Case Name: Hugo Schuster, an Infant, by Johanna Schuster, His Guardian ad Litem, Respondent, v. Forty-second Street, Manhattanville and St. Nicholas Avenue Railway Company, Appellant (Originally Impleaded with The City of New York)
Court: New York Supreme Court, Appellate Division
Jurisdiction: New York
Decision Date: 1907-03-08
Citations: 118 A.D. 197
Docket Number: 
Parties: Hugo Schuster, an Infant, by Johanna Schuster, His Guardian ad Litem, Respondent, v. Forty-second Street, Manhattanville and St. Nicholas Avenue Railway Company, Appellant (Originally Impleaded with The City of New York).
Judges: 
Reporter: Appellate Division Reports
Volume: 118
Pages: 197–204

Head Matter:
Hugo Schuster, an Infant, by Johanna Schuster, His Guardian ad Litem, Respondent, v. Forty-second Street, Manhattanville and St. Nicholas Avenue Railway Company, Appellant (Originally Impleaded with The City of New York).
First Department,
March 8, 1907.
Negligence — failure of railroad, to repair pavement adjoining tracks — when liable for injuries caused thereby.

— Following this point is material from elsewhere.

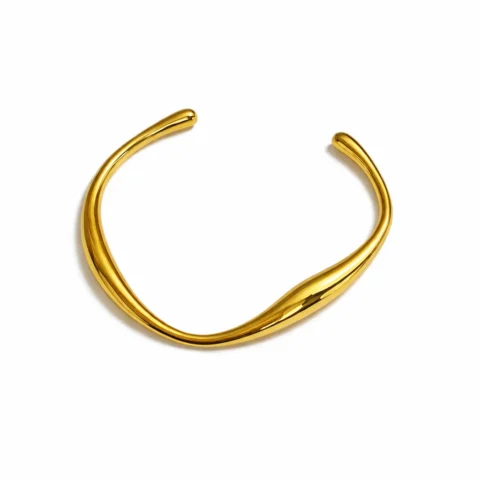 Pulsera rígida abierta dorada de acero inoxidable con diseño minimalista y acabado brillante sobre fondo blanco.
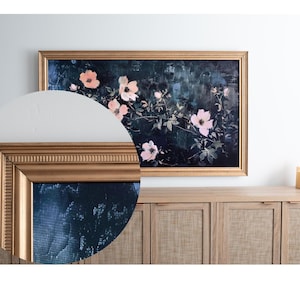 May include: A framed floral painting with a gold-colored frame. The artwork features pink flowers and green leaves against a dark background. The frame has a detailed, textured design. The painting is displayed above a wooden cabinet.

A railroad is liable for injuries received by reason of its failure to repair the pavement between its tracks and for two feet in width outside its tracks as required by section 98 of the General Railroad Law, irrespective of whether any request or demand for such repair has been made by the local authorities. Ingraham and McLaughlin, JJ., dissented, with opinion.
Appeal by the defendant, the Forty-second Street, Manhattan-ville and St. Nicholas Avenue Railway Company, from a judgment of the Supreme Court iq favor of the plaintiff, entered in the office of the clerk of the county of New .York on the 31st day of May, 1906, upon the verdict of a jury for $2,500, and also from an order entered in said clerk’s office on the 27th day of May, 1906, denying the defendant’s motion for a new trial made upon the minutes.
Charles F. Brown, for the appellant.
F. Lothard McClure, for the respondent.

Opinion:
Scott, J.:
The only question necessary to be considered on this appeal is whether or not section 98 of the Railroad Law imposes a duty upon a street surface railroad company to keep in permanent repair the pavement between its tracks and two feet in width outside its tracks, irrespective of any request or demand on the part of the local authorities. The defendant's position is that no such duty is imposed unless and until the company is required by the local authorities to make repairs. The contrary appears to have been held in Conway v. City of Rochester (157 N. Y. 38) and Doyle v. City of New York (58 App. Div. 588). Upon the authority of these cases the judgment should be affirmed, with costs.
i
Patterson, P. J., and Clarke, J., concurred; Ingraham and McLaughlin, JJ., dissented.
Laws of 1890, chap. 565, as amd. by Laws of 1892, chap. 676.— [Rep.